My new test was 3 clients, 2 sitting in antonica, 1 in queens colony. I did combat with the one in queens colony for a while befor I LD'd one of the clients in antonica, then continue killing stuff while I waitied for the LD timer to expire, there was no zone crash. I continued to kill stuff for a little while then I LD'd both clients and waited, again no zone crashes. Combat was smooth, no lag what so ever however the icon shading was wacky at best, don't have that issue on my server but my server runs in debug, will test it in release in a little bit. There was also no Duplicate packet messages this time.

Overall this may be the best solution so far, it will still require some testing though.

EDIT: Getting strange behavior with shaded icons on a 64bit release compile, not as bad as on EQ2TC though. Didn't notice this in debug and my compiler crashes when I try to do 32 bit release. This could either be an issue with combat (spells not getting the right status) or with my passive spells changes. Ran out of time today to track it down though.
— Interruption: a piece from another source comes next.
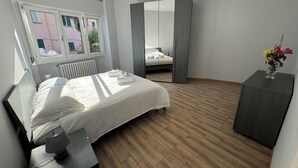 A modern bedroom with a large bed, a bedside table with a lamp, a mirror, and a small side table with a vase of flowers.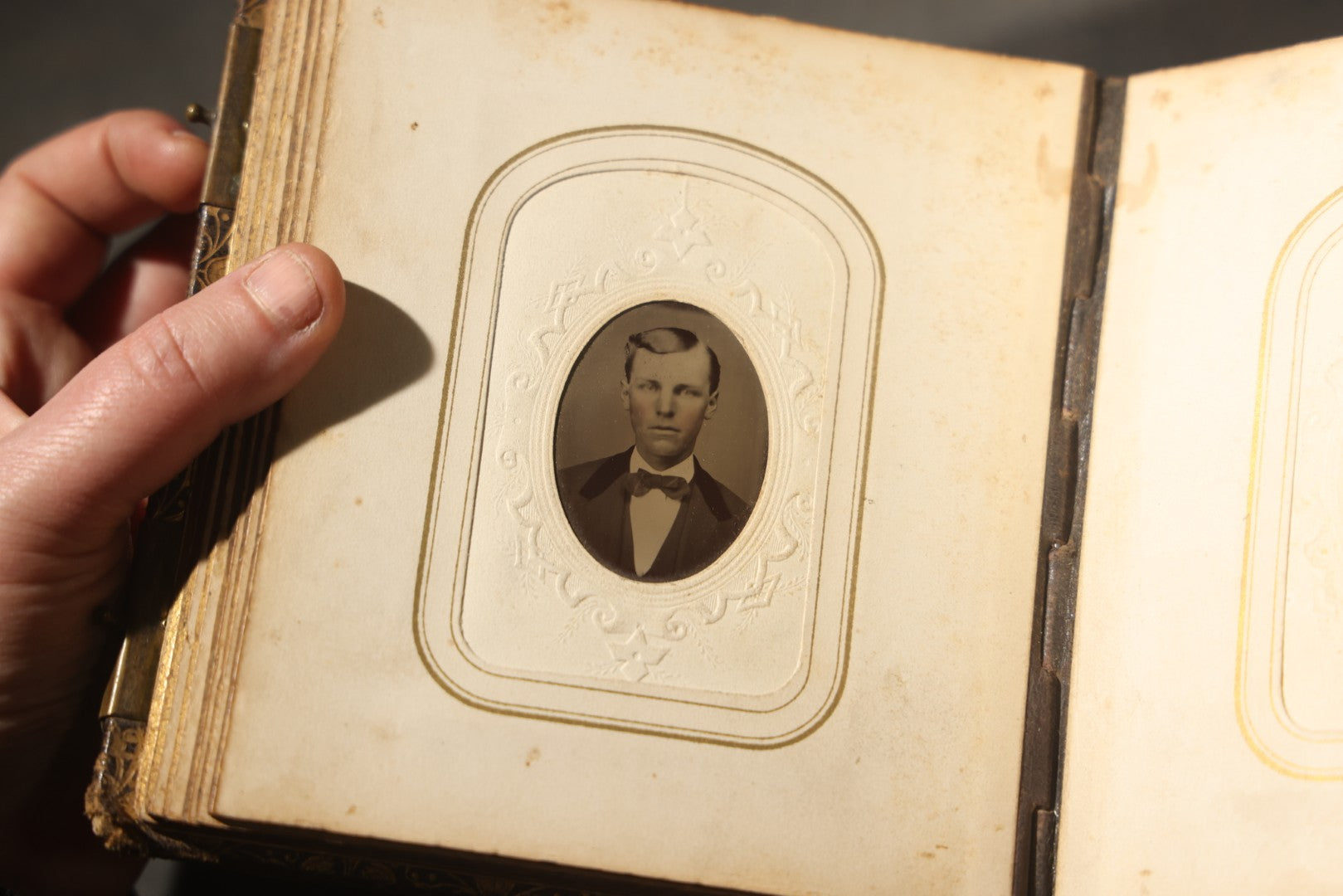 Antique Portrait Photo Album Containing 32 Tintype Photographs and 11 Carte de Visite C.D.V. Photographs, Leather Binding with Gauffered Edges, manufactured by Altemus & Co., Philadelphia, circa 1860s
Re: Combat Revamp Discussion

Posted: Sun Sep 02, 2012 12:13 am
by John Adams
EQ2TC should have had the latest code as if 8.31.2012 (note the date on the Debug compile). I run EQ2TC in Debug, else I cannot trap the crashes. I see it is now in Release, which - as far as I know - will not show the Dupe Packet or Future Packet stuff, pretty sure that is only if the code is Debug, not Release. At least that's how I've seen it function the last 5 years. I could be wrong.

I will put Debug back up on EQ2TC, and it is an x86 machine as well. Dev is x64, but Linux. Not sure if the chipset should have anything to do with odd spell shaders, could just be a coincidence. Soon as a few other players get online, we can see if the zone exceptions happen again. Btw, there was no "crash" really, just the zone exceptions - and the zone never shut down.

I shouldn't say "never", because you engineers will cling to that ;) I do mean, most of the exceptions I've seen lately have simply been Exception caught in so and so zone. When I post a call stack, that is a world crash - which has been more frequent lately than in the last 2 years. But, we'll get it figured out. Reverting the code didn't seem to help one bit... so I am completely confused.